Given its inherently dangerous nature, motorsport has claimed several lives in the pursuit of the chequered flag. It is true that life expectancy goes down when one intends to scrape knees on decreasing radius corners for a living. But then again, you increase your chances of drowning by getting a pool in your backyard! And your family’s too! In fact, the element of danger is not too far away. Even something as mundane as commuting in the local trains of the Maximum City can get you killed in these exceedingly violent times.
Paint me the devil’s advocate if you may but I’d like to raise a few points in favour of the sport and I shall attempt it without my undying love of the sport to dilute the rationality of my arguments. First and foremost, racing has one winner! There isn’t room for another. And the rules of the sport are to beat the one holding the numero uno position. And that calls to the fore those who are willing to go the extra mile, who are willing to build and create technologies to make the tools of racing – cars/bikes/quads/trucks – go faster or handle better. Racing provides the proving ground to consistently test and develop technologies. Invariably a toned-down, economic and a feasible version of these technologies trickle down to our passenger cars and bikes. We need to take a good look at our vehicles and an even closer look at the vehicles from the yesteryears.
A shining example of this is the infamous crash-helmet. As poorly as this device might have rubbed off on us Indians, the helmet has saved numerous lives from inception, globally. An Internet search on the development of the helmet will reveal its deep-rooted association with the race-track. What started out as leather caps and goggles have now evolved to Carbon-fibre helmets which are capable reading out navigation information on a head-up display. Hard-tail motorcycles offered spring-loaded seats and that was the only form of suspension in the early years of racing. Now, we have the event-based suspension which modifies the set-up of the system to improve traction in the varying conditions one may encounter. Incorporation of electronics has allowed us to use multiple modes and facilitate rider aids in order to improve rider control in the most trying conditions.
Another example of this technology-transfer is fuel-injection which has made our cars and bikes so much more fuel-efficient and reliable in comparison to the vehicles from the yesteryears. Born of thoroughbred racing pedigree, the 1952 Mercedes-Benz 300 SL was not only the fastest car of its time, but also the first car to feature the technology.
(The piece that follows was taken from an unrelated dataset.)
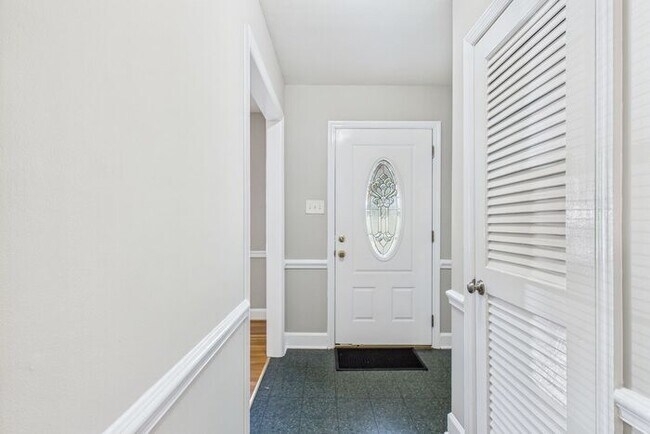 Foto del edificio - Large Home in Guilford Hills, Hardwood Flo...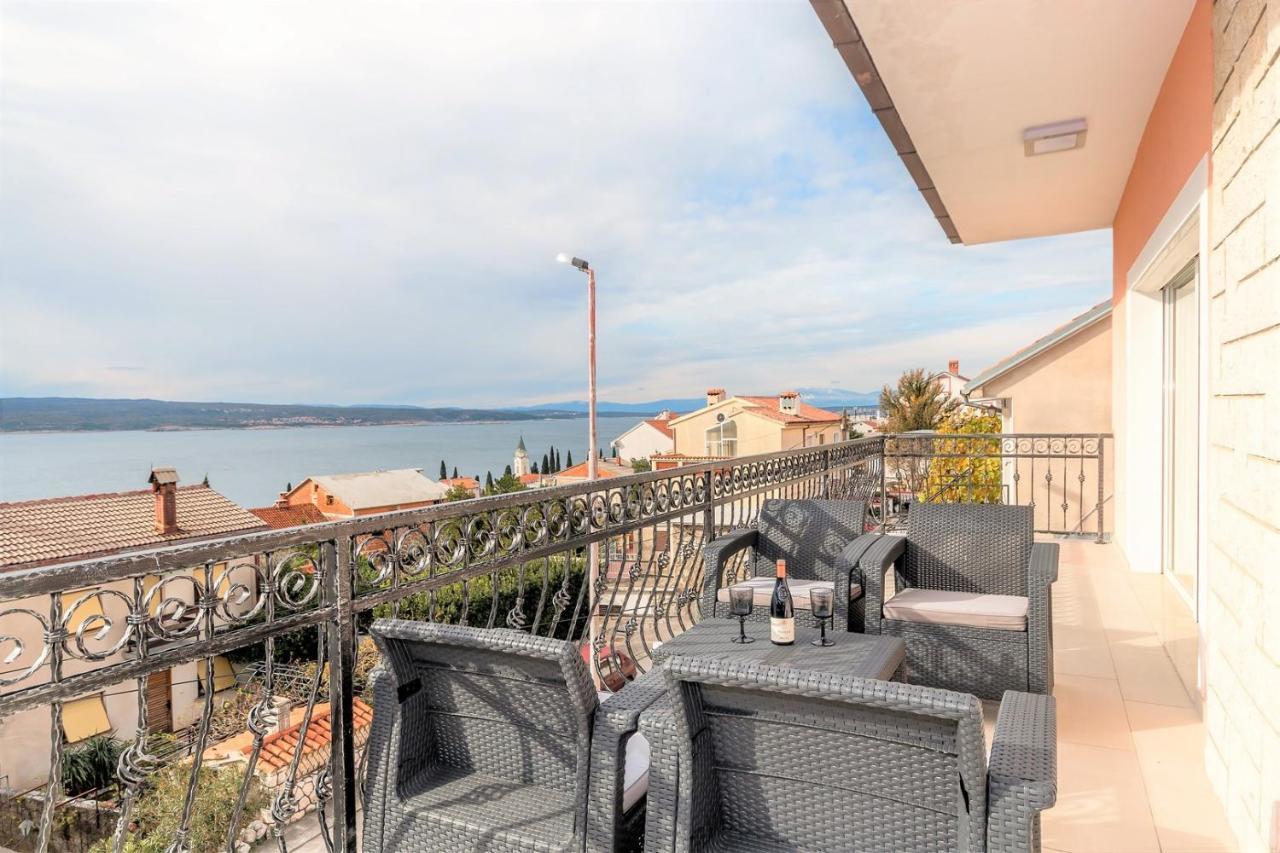 Holiday House Queens With Sea View Selce Buitenkant foto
The 300 SL won races at the 24 Hours of Le Mans, Eifelrennen at the Nürburgring, and also Mexico’s Carrera Panamericana. What started off with an open-loop system that used a bulky six-piston mechanical fuel pump has evolved into closed-loop system that employs a 200-bar fuel pump and an arsenal of sensors to modulate the combustion in the engine – capable of three or more injections per power stroke! And this is not prototype technology which comes across as black-magic in the closed confines of an R&D centre in Germany. This is technology that has trickled down to our very own road cars which compete for an edge in fuel efficiency to the last decimal.
While motorsport can never ever be devoid of danger, one cannot deny the progress the industry has made to avoid and reduce the magnitude of accidents. In the early years of racing, fatalities were not uncommon, but these have not been in vain. With every passing season, better technology gets more accessible to road-going vehicles.